The researchers also discovered no scenario in which dismantling an existing structure and replacing it with a more energy-efficient one resulted in a net reduction in carbon emissions. Even if a new structure is more energy efficient, the embodied carbon in its construction is so large that it will take at least 20 years to offset the initial emissions.

The Reasons for Reusing Existing Buildings

Hu highlights that renovating and reusing existing structures, rather than demolishing and creating new ones, is nearly always the most environmentally responsible choice. This is true even for older buildings that need extensive repairs to satisfy modern efficiency standards. Cities can significantly cut their carbon footprints by prolonging the life of existing structures and improving their energy efficiency.

Renovation minimizes both operational and embodied carbon throughout a building’s life cycle. “We should always reuse existing buildings,” Hu argues. “The real question is just to what extent we want to renovate and retrofit them.” Reuse enables a significantly shorter “carbon payback period” and a more sustainable approach to urban development.

Chicago as a Case Study

Hu and Ghorbany chose Chicago as their primary focus for a variety of reasons. First, its proximity to Notre Dame aided collaboration and research. Second, Chicago has a long architectural history and a wide variety of building types, making it an ideal laboratory for their research. Third, the city is the world’s eighth greatest emitter of greenhouse emissions, making it a top priority for carbon-reduction measures.

Chicago’s building stock is diverse in terms of architectural styles and construction methods, ranging from old brownstones to modern skyscrapers. This variability enabled the researchers to investigate several archetypes and their contributions to carbon emissions. The study’s findings identify pollution hotspots throughout Chicago, giving useful data for future urban planning endeavors.

Function of Machine Learning and Artificial Intelligence

Hu and Ghorbany’s research relies heavily on machine learning and artificial intelligence (AI). To examine the massive quantity of data required for their study, the researchers drew from a variety of existing databases, including the National Structure Inventory and Cook County Open Data Chicago. They then utilized AI to geolocate the data and categorize it by key parameters like building materials, roof type, and construction era.

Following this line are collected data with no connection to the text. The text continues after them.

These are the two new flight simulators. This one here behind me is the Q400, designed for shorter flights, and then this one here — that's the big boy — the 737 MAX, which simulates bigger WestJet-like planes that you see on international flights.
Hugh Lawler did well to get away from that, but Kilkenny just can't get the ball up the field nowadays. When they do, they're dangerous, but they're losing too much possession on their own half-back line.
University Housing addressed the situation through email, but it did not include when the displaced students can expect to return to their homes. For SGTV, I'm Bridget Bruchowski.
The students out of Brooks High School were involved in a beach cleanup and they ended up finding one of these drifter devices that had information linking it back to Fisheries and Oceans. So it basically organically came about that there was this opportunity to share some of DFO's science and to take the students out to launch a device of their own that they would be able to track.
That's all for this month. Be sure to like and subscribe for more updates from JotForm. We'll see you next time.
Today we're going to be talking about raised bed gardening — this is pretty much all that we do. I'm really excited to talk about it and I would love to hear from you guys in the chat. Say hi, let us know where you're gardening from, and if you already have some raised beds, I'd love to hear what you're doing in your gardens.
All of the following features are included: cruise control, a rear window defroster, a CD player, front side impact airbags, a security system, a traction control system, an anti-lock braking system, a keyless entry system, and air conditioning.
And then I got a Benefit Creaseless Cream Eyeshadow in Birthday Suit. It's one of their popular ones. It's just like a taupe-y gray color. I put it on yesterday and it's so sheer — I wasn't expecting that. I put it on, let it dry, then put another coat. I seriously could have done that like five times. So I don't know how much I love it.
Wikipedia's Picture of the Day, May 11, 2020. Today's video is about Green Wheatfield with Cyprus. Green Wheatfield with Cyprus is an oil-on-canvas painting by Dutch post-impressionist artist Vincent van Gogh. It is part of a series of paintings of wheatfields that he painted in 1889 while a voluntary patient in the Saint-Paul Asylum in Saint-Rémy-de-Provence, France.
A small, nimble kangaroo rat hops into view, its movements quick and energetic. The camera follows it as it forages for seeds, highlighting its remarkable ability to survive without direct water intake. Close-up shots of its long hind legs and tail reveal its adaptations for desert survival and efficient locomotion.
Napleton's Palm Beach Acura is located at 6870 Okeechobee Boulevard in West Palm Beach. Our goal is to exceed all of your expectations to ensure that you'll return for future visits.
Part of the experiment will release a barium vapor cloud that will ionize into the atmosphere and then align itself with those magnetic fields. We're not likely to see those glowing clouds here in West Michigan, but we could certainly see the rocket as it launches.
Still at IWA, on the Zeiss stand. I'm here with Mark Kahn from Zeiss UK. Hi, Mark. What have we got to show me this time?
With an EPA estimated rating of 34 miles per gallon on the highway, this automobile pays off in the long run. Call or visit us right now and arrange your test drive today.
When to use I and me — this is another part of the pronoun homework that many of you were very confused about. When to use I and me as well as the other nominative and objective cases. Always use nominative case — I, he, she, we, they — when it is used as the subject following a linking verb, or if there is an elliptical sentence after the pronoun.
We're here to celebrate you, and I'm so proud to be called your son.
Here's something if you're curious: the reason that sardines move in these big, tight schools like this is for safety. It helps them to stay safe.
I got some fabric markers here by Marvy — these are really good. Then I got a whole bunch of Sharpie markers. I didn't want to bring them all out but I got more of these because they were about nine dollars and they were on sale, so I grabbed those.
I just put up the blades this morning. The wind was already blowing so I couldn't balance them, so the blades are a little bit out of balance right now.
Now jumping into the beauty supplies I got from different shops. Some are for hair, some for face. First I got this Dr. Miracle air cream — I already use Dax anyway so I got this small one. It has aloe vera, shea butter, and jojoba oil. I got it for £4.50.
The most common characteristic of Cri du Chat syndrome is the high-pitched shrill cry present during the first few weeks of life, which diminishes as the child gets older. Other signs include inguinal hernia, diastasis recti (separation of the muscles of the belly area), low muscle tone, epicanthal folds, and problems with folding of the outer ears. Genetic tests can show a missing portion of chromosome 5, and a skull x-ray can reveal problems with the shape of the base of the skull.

The AI-powered tool calculates a building’s total embodied carbon by multiplying the baseline emissions of a specific dwelling archetype by its footprint. This approach provides a highly accurate approximation of the embodied carbon for a wide range of structures, allowing users to evaluate various carbon reduction scenarios.

Conclusion

Ming Hu and Siavash Ghorbany’s ground-breaking research offers a critical new tool for analyzing and lowering embodied carbon in the built environment. They proved the necessity of reusing and extending the lifespans of existing buildings in Chicago by evaluating the carbon emissions of over one million structures. Their research provides politicians and urban planners with concrete information, allowing them to make better decisions about urban growth and carbon mitigation.